Diese Zimmer, welche die eine Vorderseite der Wohnung darstellten, dehnten sich in gerader Linie aus und die Fenster sahen auf das Thal von Aunay hinaus.

Die andere Seite der Behausung bestand aus vier, den ersteren ganz gleichen Zimmern.

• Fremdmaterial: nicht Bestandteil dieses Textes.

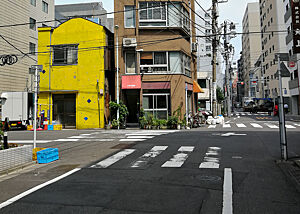 Eine leere Straße, gesäumt von unterschiedlichsten Häusern in Tokio.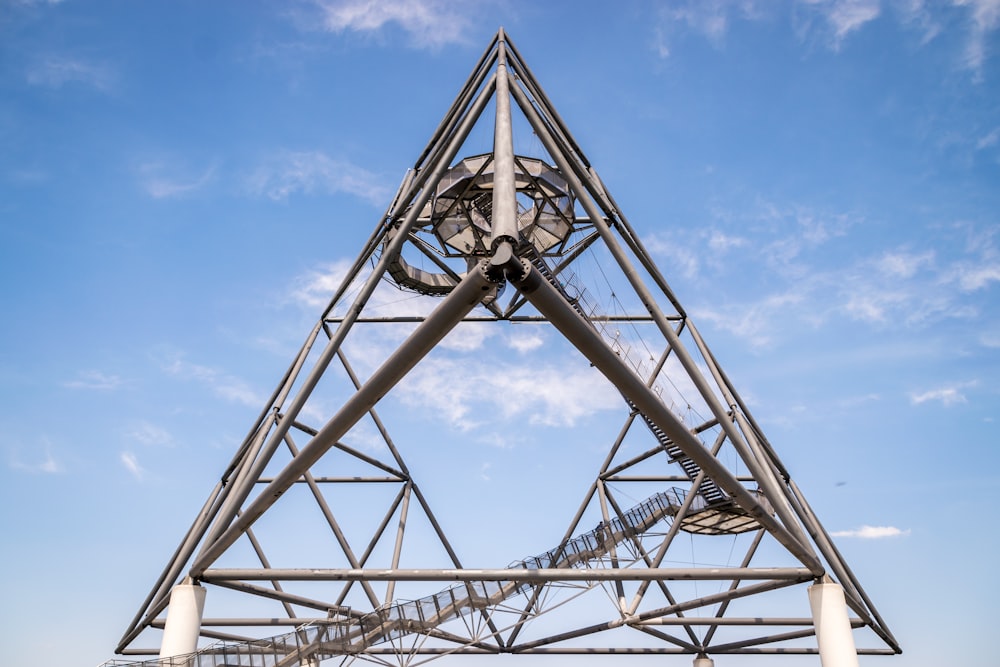 gray metal tower under blue sky during daytime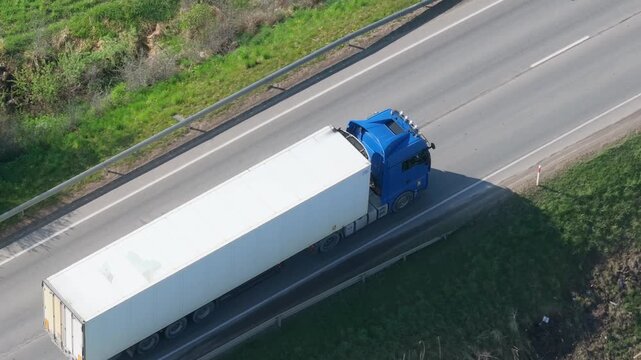 Lorry truck moving high speed on highway, aerial view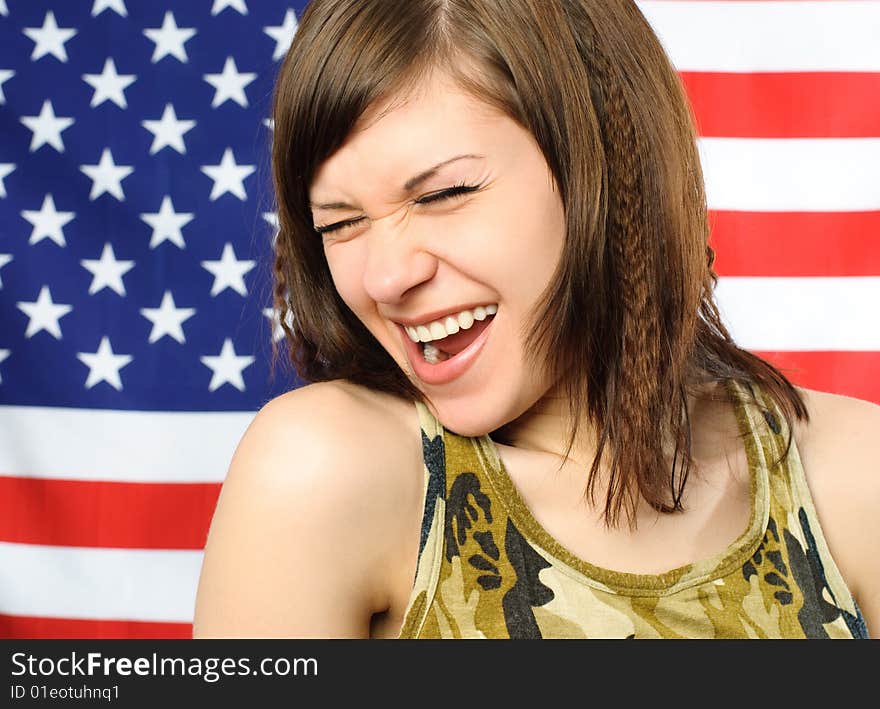 Happy laughing young woman standing opposite an American flag. Happy laughing young woman standing opposite an American flag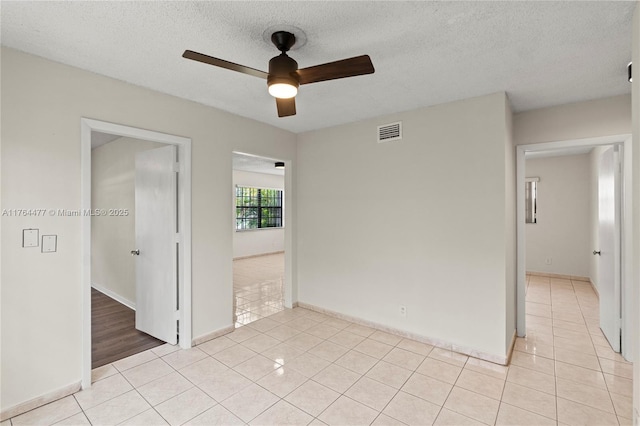 unfurnished room featuring visible vents, baseboards, light tile patterned floors, a textured ceiling, and a ceiling fan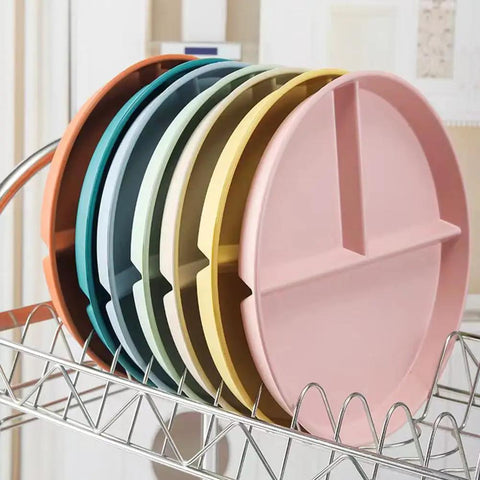 Five Pack 9 Inch Unbreakable Portion Control Plates With Three Compartments Reusable BPA Free Dinner Plates on a drying rack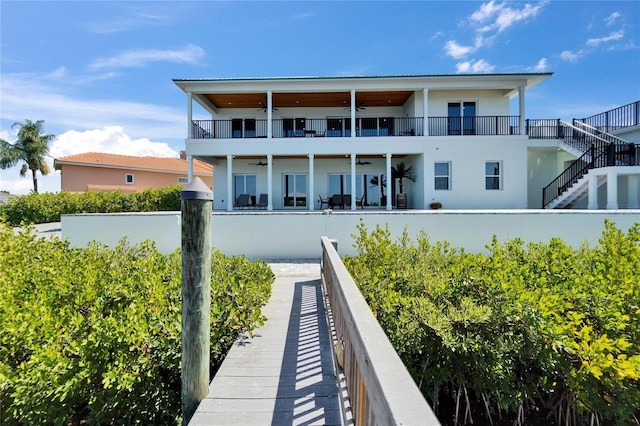 935 Chipaway Dr, Apollo Beach, FL 33572 - rear view of property featuring a ceiling fan, stucco siding, a balcony, and stairs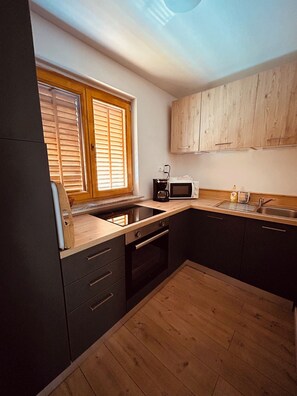 A modern kitchen with dark cabinets, a wooden countertop, a built-in oven, a microwave, and a window with blinds.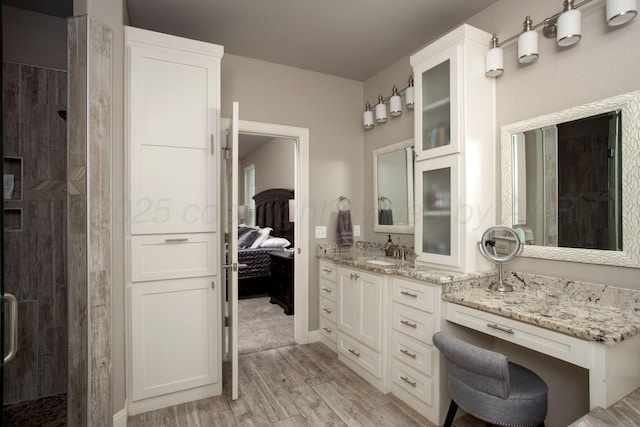 5708 Wesley Rd, Amarillo, TX 79119 - full bath featuring a stall shower, wood finished floors, vanity, and ensuite bath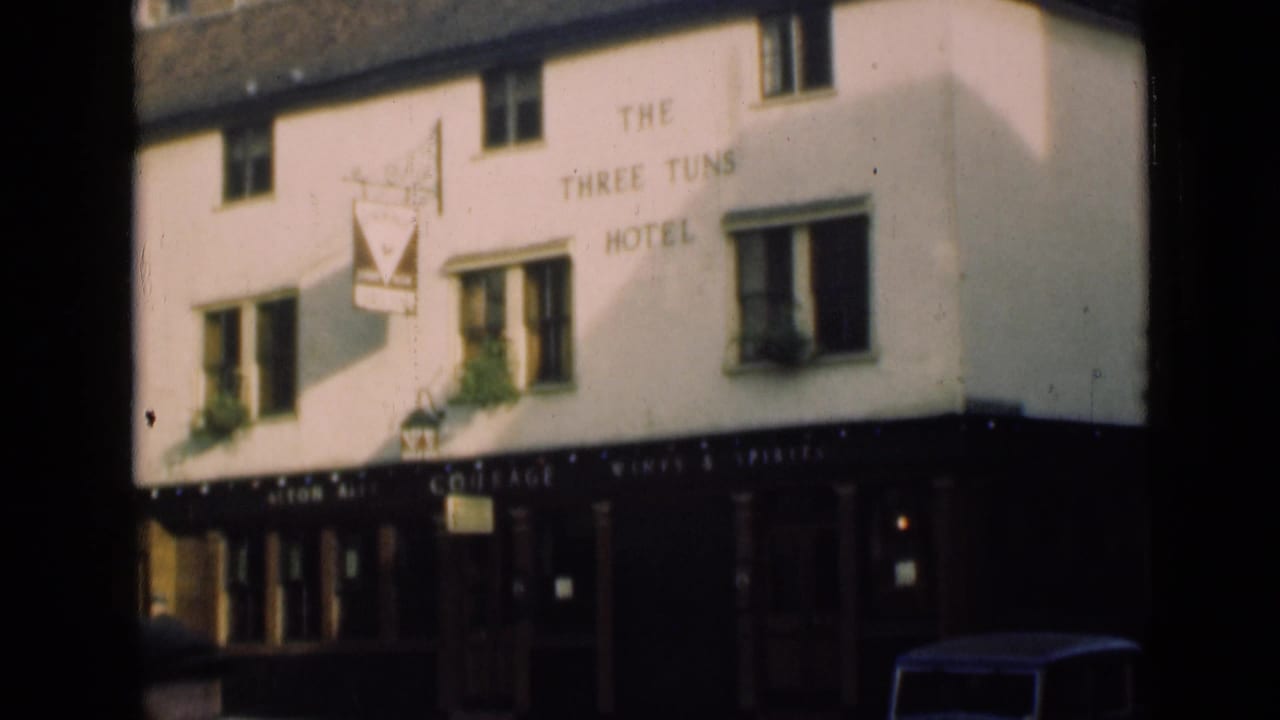 London hotel and pub exterior in 1946, showing The Three Tuns Hotel lettering, hanging sign, dark storefront, and parked car detail.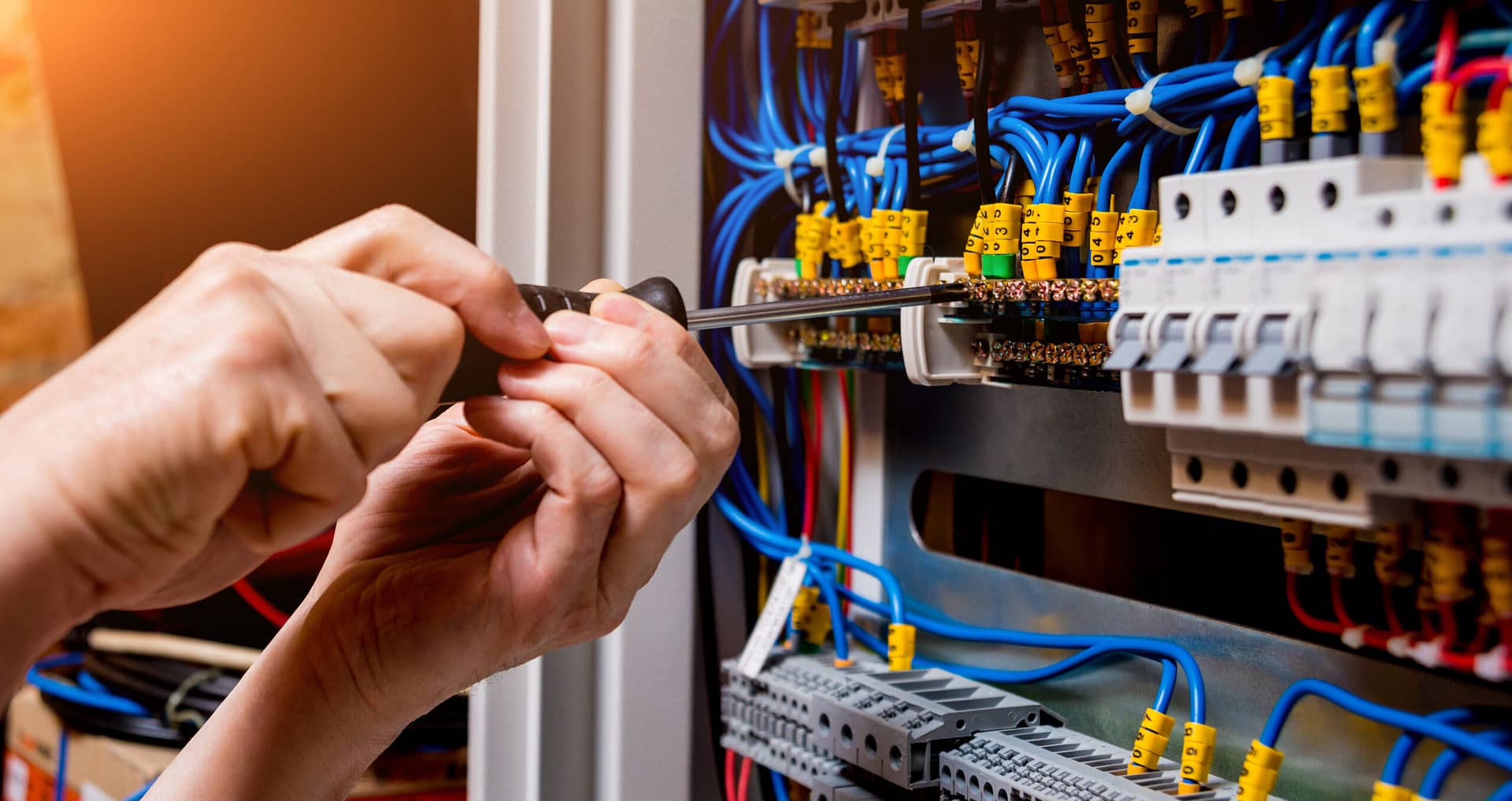 Close up of an electrician working on wiring. While you are responding to service calls, your online listing is working 24/7 to secure more customers for your business.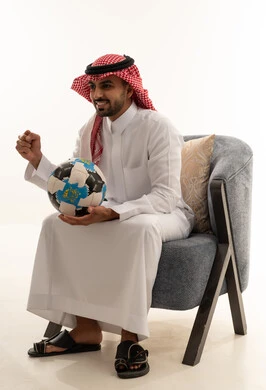 رجل سعودي بالزي التقليدي يحتفل بكرة القدم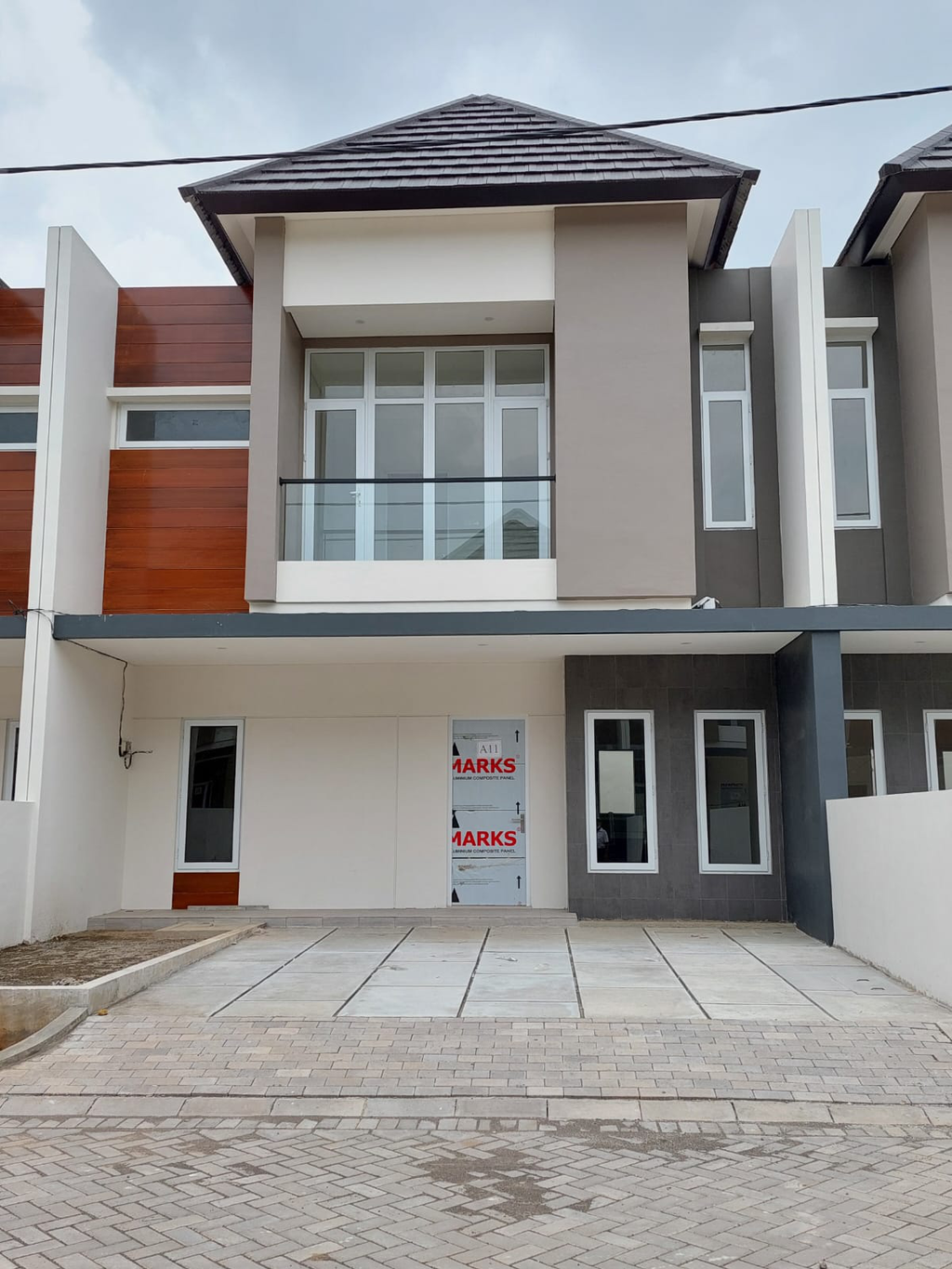 foto tampak rumah tipe 100/150 perumahan MUTIARA ARTERI REGENCY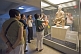 Image of Chinese and Western visitors admire a kneeling Terracotta Archer.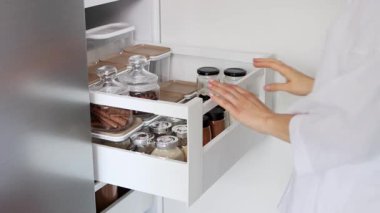 Kadın eli, çekmeceyi baharatlarla kapatıyor. Mutfakta baharat depoluyor. Ev rutini. 4k görüntü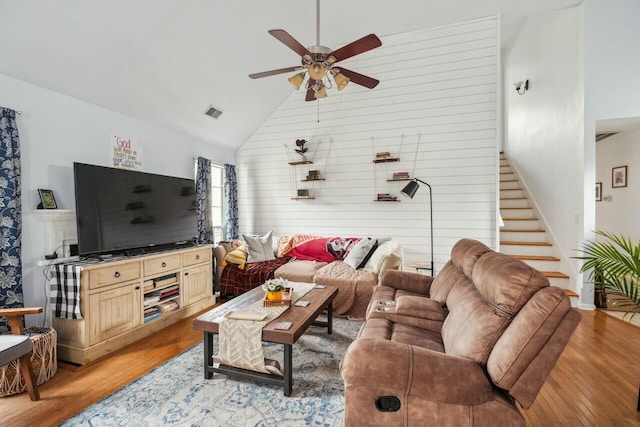 living area with a ceiling fan, visible vents, high vaulted ceiling, stairs, and light wood-style floors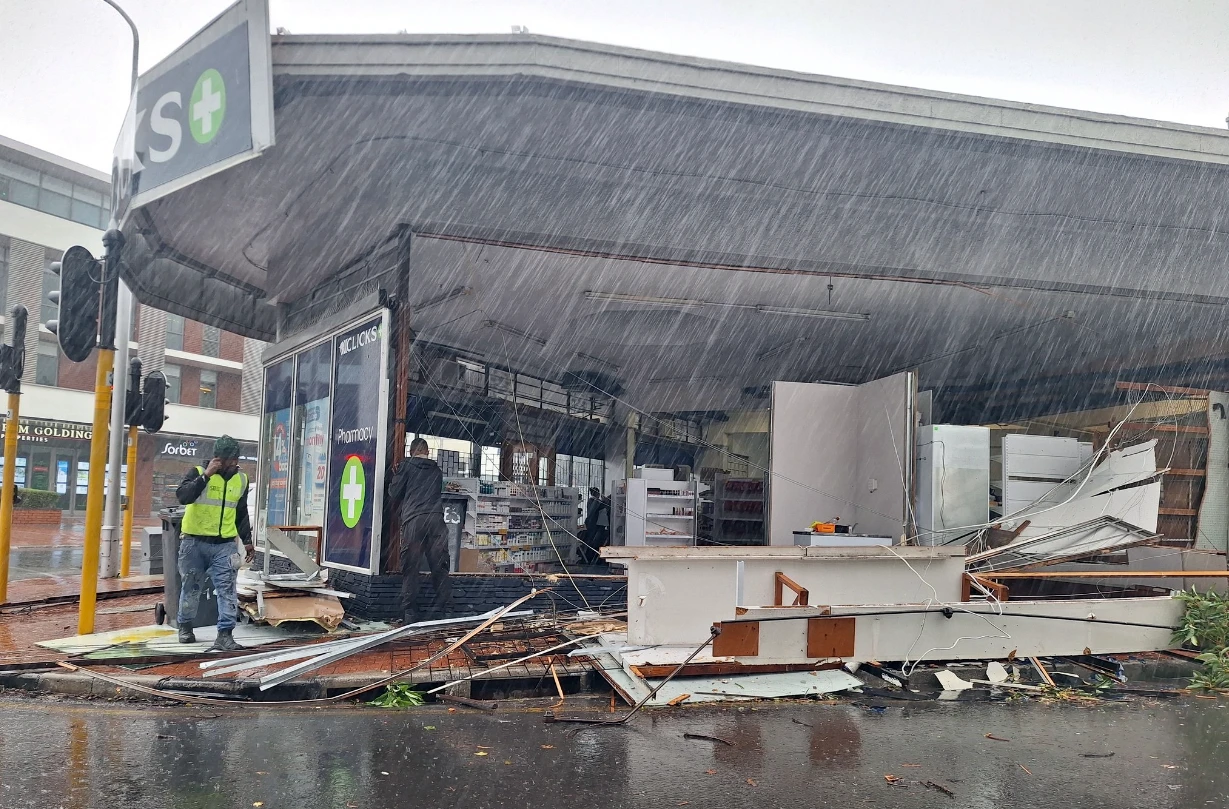 A damaged Clicks store with a collapsed wall as heavy rain falls outside onto the street.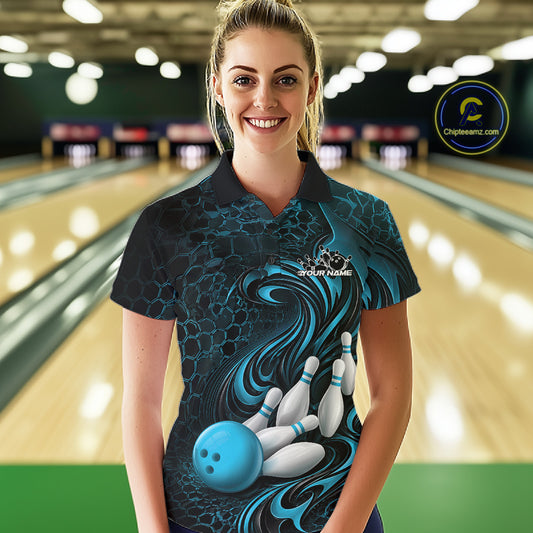 Female model standing in a bowling lane wearing a black and blue bowling polo shirt featuring a tribal flame bowling ball and pins graphic on the front.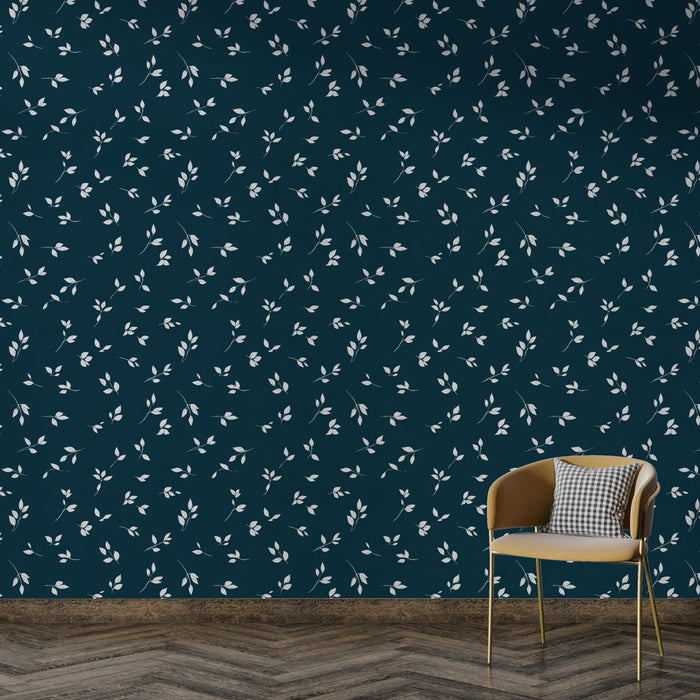 Une pièce moderne avec un papier peint bleu nuit orné de délicates feuilles blanches, créant une atmosphère élégante et apaisante.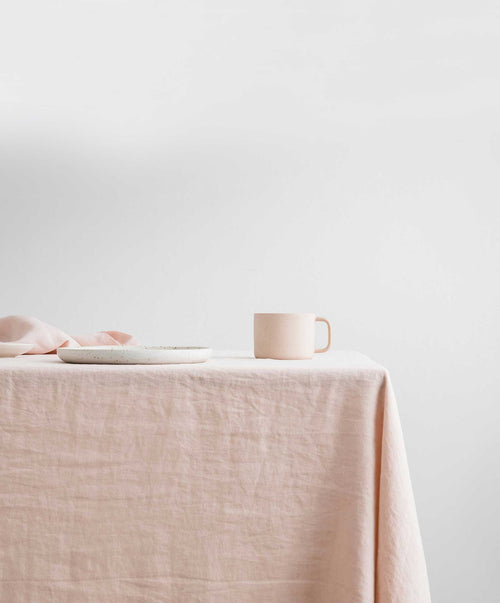 Linen Tablecloth - Blush soft natural fabric draped over table with matching blush ceramic cup and plate The beauty of home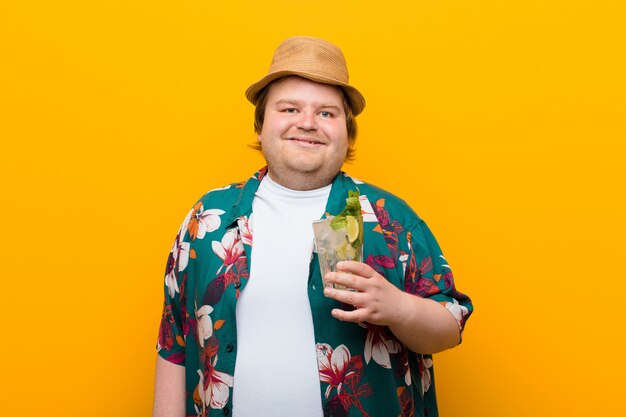 Jeune homme de grande taille avec un verre de mojito contre un mur plat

Die Küche, auf der entsprechenden Seite, stand mit dem Esszimmer in Verbindung; dann folgte ein grosser Hausflur, der als Eingang in das Bibliothekzimmer diente; eine Art Boudoir in Verbindung mit dem Schlafzimmer.

Diese letzteren Zimmer gingen nach der entgegengesetzten Seite des Thales hinaus und sahen auf den Turm von Croy und Châtillon.

Die Treppe war an einem der Flügel des Hauses von aussen angebracht; Herzog Jean hörte dadurch die Tritte seiner Dienstboten weniger deutlich.

Er hatte das Boudoir mit einem lebhaft roten Stoff ausschlagen lassen, und an allen Wänden des Raumes hingen in schwarzen Ebenholzrahmen Kupferstiche von Johann von Luyken, einem alten holländischen Kupferstecher, der in Frankreich fast unbekannt war.

Er besass von diesem phantastischen, unheimlichen und grausamen Künstler die Serie seiner „Religionsverfolgungen“, wahrhaft entsetzliche Blätter, die die Martern des religiösen Wahnsinns vorstellten, Bilder, auf denen der Anblick unheimlicher menschlicher Qualen geboten wurde: Körper auf Kohlenglut gebraten, der Schädelhaut beraubte Köpfe, von Nägeln durchbohrt, tiefe Einschnitte von Sägen herrührend, Eingeweide aus dem Leibe gerissen und auf Knäule gerollt, langsam mit Zangen losgelöste Fingernägel, ausgestochene Augäpfel, Augenlider, die mittels spitzer Instrumente umgekehrt waren, verrenkte Glieder, mit Sorgfalt gebrochen, blossgelegte Knochen, langsam mit der Klinge des Messers abgeschabt.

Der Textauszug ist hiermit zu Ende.